Exercise goal:
Restate word for word the lines of the material below, from the line with "GAP - Chaqueta" to the line with "Image de Tête", both lines included, and no others.

----------

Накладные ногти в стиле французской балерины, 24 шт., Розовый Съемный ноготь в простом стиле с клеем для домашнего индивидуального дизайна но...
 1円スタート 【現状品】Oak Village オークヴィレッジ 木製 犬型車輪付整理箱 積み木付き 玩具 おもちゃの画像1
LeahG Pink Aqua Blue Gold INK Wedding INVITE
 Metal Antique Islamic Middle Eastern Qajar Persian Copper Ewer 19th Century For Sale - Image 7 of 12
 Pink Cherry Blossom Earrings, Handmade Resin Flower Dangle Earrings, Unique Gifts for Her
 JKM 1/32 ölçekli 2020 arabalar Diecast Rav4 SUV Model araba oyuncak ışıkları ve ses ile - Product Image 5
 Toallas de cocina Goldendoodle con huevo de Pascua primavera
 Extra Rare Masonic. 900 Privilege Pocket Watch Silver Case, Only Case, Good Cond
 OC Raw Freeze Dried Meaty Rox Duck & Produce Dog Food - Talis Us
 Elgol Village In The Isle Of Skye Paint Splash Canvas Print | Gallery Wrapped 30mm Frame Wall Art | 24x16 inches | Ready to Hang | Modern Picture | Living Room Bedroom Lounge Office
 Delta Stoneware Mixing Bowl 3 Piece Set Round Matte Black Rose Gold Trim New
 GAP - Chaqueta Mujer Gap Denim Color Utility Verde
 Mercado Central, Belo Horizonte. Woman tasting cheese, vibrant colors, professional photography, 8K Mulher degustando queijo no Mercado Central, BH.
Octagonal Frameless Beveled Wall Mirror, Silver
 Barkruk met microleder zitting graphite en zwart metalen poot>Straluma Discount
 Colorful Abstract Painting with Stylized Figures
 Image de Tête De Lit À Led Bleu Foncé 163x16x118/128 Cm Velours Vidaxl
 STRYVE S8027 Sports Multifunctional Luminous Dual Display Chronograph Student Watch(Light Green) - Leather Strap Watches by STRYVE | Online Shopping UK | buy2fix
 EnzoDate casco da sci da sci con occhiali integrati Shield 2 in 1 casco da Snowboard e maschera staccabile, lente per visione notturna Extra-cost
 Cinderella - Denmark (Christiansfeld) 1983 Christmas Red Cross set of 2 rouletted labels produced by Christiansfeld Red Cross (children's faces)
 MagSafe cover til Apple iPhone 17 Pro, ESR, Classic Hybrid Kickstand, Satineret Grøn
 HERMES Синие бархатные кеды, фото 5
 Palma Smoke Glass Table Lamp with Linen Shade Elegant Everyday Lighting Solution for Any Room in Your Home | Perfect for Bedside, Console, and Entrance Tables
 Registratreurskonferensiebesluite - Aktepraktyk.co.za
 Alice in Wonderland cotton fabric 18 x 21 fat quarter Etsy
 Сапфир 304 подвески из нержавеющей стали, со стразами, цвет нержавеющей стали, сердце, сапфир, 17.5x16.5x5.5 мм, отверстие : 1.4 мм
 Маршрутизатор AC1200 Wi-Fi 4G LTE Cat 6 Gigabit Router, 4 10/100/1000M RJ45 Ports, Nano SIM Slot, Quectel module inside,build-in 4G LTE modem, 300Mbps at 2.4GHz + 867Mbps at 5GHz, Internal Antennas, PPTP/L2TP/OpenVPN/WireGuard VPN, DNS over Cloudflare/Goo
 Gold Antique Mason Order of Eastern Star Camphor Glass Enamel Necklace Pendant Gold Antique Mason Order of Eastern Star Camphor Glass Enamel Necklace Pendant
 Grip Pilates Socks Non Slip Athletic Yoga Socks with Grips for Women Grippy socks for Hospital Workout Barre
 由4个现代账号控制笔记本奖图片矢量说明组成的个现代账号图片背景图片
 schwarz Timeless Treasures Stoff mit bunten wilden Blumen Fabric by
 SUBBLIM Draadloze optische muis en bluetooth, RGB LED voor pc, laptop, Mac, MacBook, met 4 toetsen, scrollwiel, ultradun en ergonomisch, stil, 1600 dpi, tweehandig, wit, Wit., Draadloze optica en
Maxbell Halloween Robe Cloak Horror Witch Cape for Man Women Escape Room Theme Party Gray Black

----------

Written answer:
 GAP - Chaqueta Mujer Gap Denim Color Utility Verde
 Mercado Central, Belo Horizonte. Woman tasting cheese, vibrant colors, professional photography, 8K Mulher degustando queijo no Mercado Central, BH.
Octagonal Frameless Beveled Wall Mirror, Silver
 Barkruk met microleder zitting graphite en zwart metalen poot>Straluma Discount
 Colorful Abstract Painting with Stylized Figures
 Image de Tête De Lit À Led Bleu Foncé 163x16x118/128 Cm Velours Vidaxl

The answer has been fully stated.